La vera protagonista di questo romanzo è la morte. In tutte le sue forme.
È la morte che prende per mano la sua prossima vittima e la conduce al riposo eterno. È la morte che falcia chiunque e sotterra i corpi senz’anima degli uomini, dei vecchi, delle donne e delle bambine. È la morte che è sempre presente: costante, omessa, ma sempre partecipe.
Tale premessa lugubre potrebbe far pensare ad un libro triste e intriso di dolore. Ma non è così. La valle delle donne lupo è un testo che, in più punti, si tinge d’ironia graffiante e insolita, che spinge il lettore a proseguire una lettura che, seppur brillante, spesso sembra essere frenata dalla mancanza di un’unica e solida ossatura narrativa.
Ad ogni modo, Laura Pariani ha dimostrato di essere un’eccellente narratrice. Ha ribadito, con questo nuovo volume, di saperci fare con la penna. In questo libro, non ha dato vita ad una sola storia, ma ha scritto tanti piccoli e bellissimi ricordi; ha riportato su carta vecchie e struggenti tradizioni popolari, detti, credenze e leggende, collegandole tutte attorno al bizzarro personaggio di Fenísia.

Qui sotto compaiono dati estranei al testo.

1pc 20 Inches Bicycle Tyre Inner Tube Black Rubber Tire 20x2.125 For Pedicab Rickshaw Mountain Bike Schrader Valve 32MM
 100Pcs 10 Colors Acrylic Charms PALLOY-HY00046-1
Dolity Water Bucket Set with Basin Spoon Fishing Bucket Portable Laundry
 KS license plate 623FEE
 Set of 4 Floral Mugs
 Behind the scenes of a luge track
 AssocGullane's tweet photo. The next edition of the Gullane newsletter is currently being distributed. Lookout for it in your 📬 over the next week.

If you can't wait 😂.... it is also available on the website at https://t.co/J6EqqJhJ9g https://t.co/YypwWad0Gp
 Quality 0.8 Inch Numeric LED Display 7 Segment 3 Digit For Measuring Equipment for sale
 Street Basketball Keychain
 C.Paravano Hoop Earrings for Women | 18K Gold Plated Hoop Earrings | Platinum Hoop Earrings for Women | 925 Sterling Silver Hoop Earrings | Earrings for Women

L’ambientazione è l’alto Piemonte. Lì, nella valle di Paese Piccolo, vive Fenísia, custode del cimitero, di cui la sua famiglia si prende cura da sempre. È una donna sola, e un giorno racconta le sue frastagliate memorie ad un’altra donna di nome Laura, che le raccoglie con il suo registratore.
Fenísia è nata nel 1928 ed ha avuto una vita segnata da soprusi e violenze; è vissuta all’ombra della povertà e dell’ignoranza ed è stata vittima di un mondo dove nascere donna rappresenta una vera sfortuna, dove l’uomo è al centro di tutto e la donna è considerata quasi inferiore: «Agli uomini il sudore e alle donne il dolore».
Circondata da altre strane e affascinanti figure femminili, Fenísia vive tra le lapidi e i catafalchi; fa la becchina e vede la zia cucire cuscini viola o bianchi, a seconda del caso. Grisa, la cuginetta, viene spedita in manicomio; la nonna, Malvina, le insegna i segreti delle erbe; lei per una stagione lavora come mondina e per quattro anni viene internata in collegio: tutte le donne di casa subiscono le violenze di Biâs, il padre. Queste, e tante altre piccole storie di vita quotidiana, danno vita ad un lavoro ben fatto. Gli aneddoti sono raccontati con grazia e stile, in un misto di italiano e dialetto che conferisce al libro quel qualcosa in più che lo rende speciale: l’intervistatrice è la “sciura milanese”; il lavoro della famiglia di Fenísia è quello dei “sotterramorti”; la sua “stranezza” la fa diventare una “balenga”; e così via.
La valle delle donne lupo trasmette anche due messaggi forti.
Il primo è quello della vendetta. Le “donne lupo”, le streghe, le donne solitarie, e ancor di più quelle diverse che non si adeguano alla cultura tradizionale e si spingono controcorrente, possono sfuggire a certe situazioni diventando lupo. Trasformandosi. Vendicandosi, appunto.
Il secondo riguarda, invece, la morte. Leggendo il testo della Pariani si comprende come il noto detto «non bisogna aver paura dei morti, ma dei vivi» sia la pura verità. Fenísia, infatti, vive tra lapidi e pietre sepolcrali ed impara ad accettare la morte come un evento legato a filo doppio alla vita. Ma impara anche a riconoscere il male che, nella sua storia, s’incarna nelle violenze e nei maltrattamenti degli altri; un male che, tuttavia, lei accetta e sopporta.
Al di là della trama e dei messaggi contenuti nella storia, il libro, edito da Einaudi nel 2011, è ben scritto. Lo stile utilizzato da Laura Pariani è piacevole e la lettura scorre in maniera fluida. Non è un libro che si rifà ai canoni moderni della scrittura creativa; non c’è suspense, ma è pur sempre un gioiellino da leggere con piacere. Strappa un sorriso in più di un’occasione ed è capace di rievocare un mondo isolato e lontano, quasi dimenticato.